Коллаж: ГодЛитературы.РФ. Обложка и фрагмент книги предоставлены издательством
Коллаж: ГодЛитературы.РФ. Обложка и фрагмент книги предоставлены издательством

Текст: ГодЛитературы.РФ

Ответ на первый вопрос — нет, деньги получать не стыдно; еще во времена Возрождения художники не чурались обменивать свое искусство на звонкую монету, а образ творца-бессребреника, если разобраться, довольно молод. Но куда подробнее расскажет об этом — а заодно постарается ответить на второй вопрос — Уильям Дерезевиц, американский писатель и литературный критик. В своей книге, опирающейся на интервью с писателями, музыкантами, художниками и артистами, он уделяет этой проблеме без малого 700 страниц и утверждает, что если в ХIХ веке творческие люди были богемой, а в ХХ веке —профессионалами, то в цифровую эпоху возникает новая парадигма, которая совсем скоро изменит наши представления о природе искусства и роли художника в обществе.

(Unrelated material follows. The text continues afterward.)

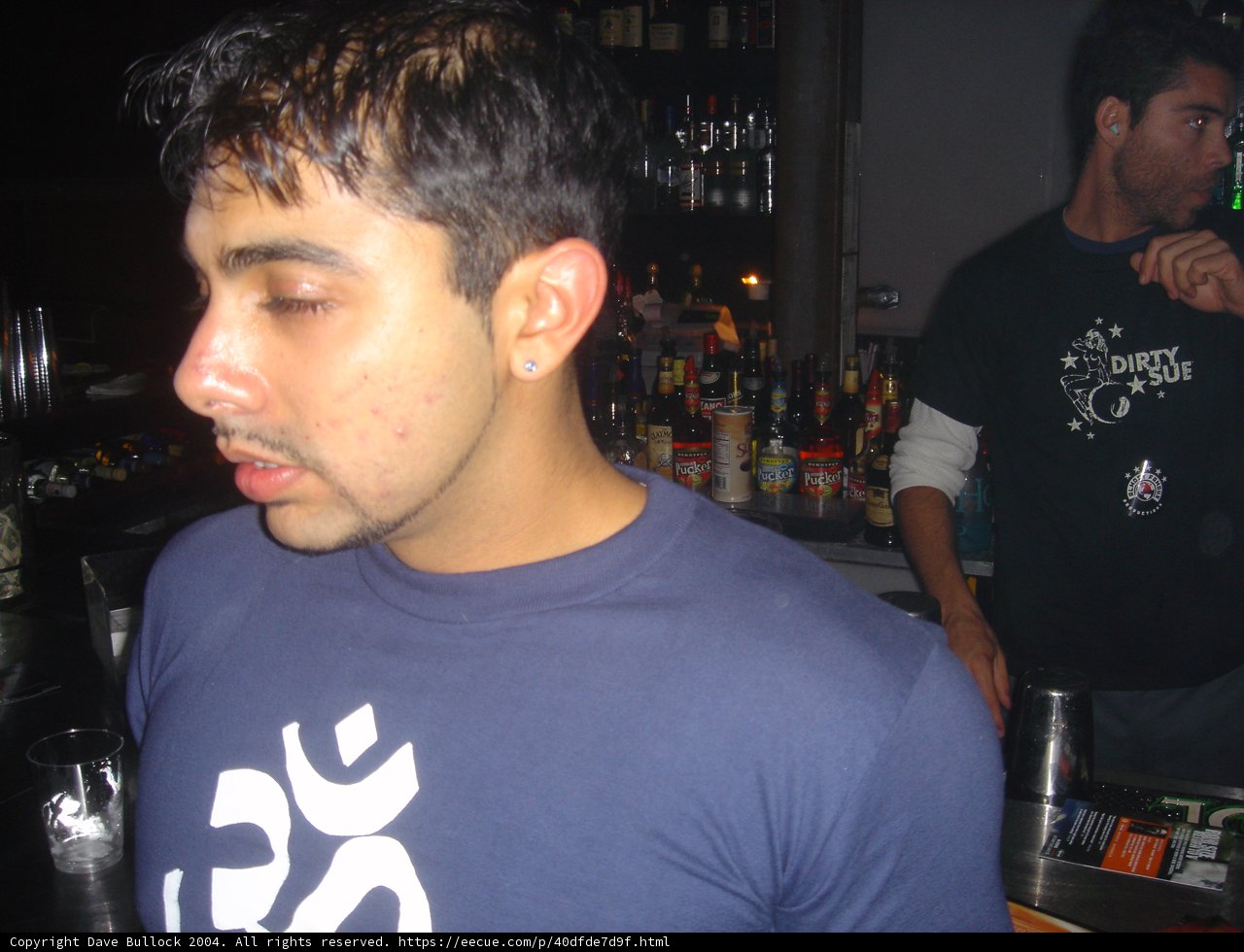 Two Men Drinking at a Bar Counter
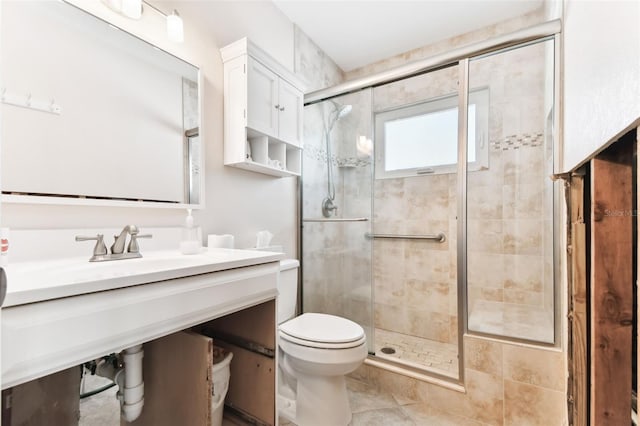 bathroom with tile patterned flooring, toilet, a shower with door, and sink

Дерезевиц Уильям. Экономика творчества в ХХI веке. Как писателям, художникам, музыкантам и другим творцам зарабатывать на жизнь в век цифровых технологий / Пер. с англ. Дарьи Ивановской. — М.: Лайвбук, 2021. — 672 с.

Искусство и деньги

Согласно привычным представлениям, глава с таким названием, как эта, должна быть очень короткой. Буквально в одно предложение: искусство не имеет никакого отношения к деньгам и не должно его иметь, потому что они оскверняют всю идею, а сама мысль о материальном разлагает творчество.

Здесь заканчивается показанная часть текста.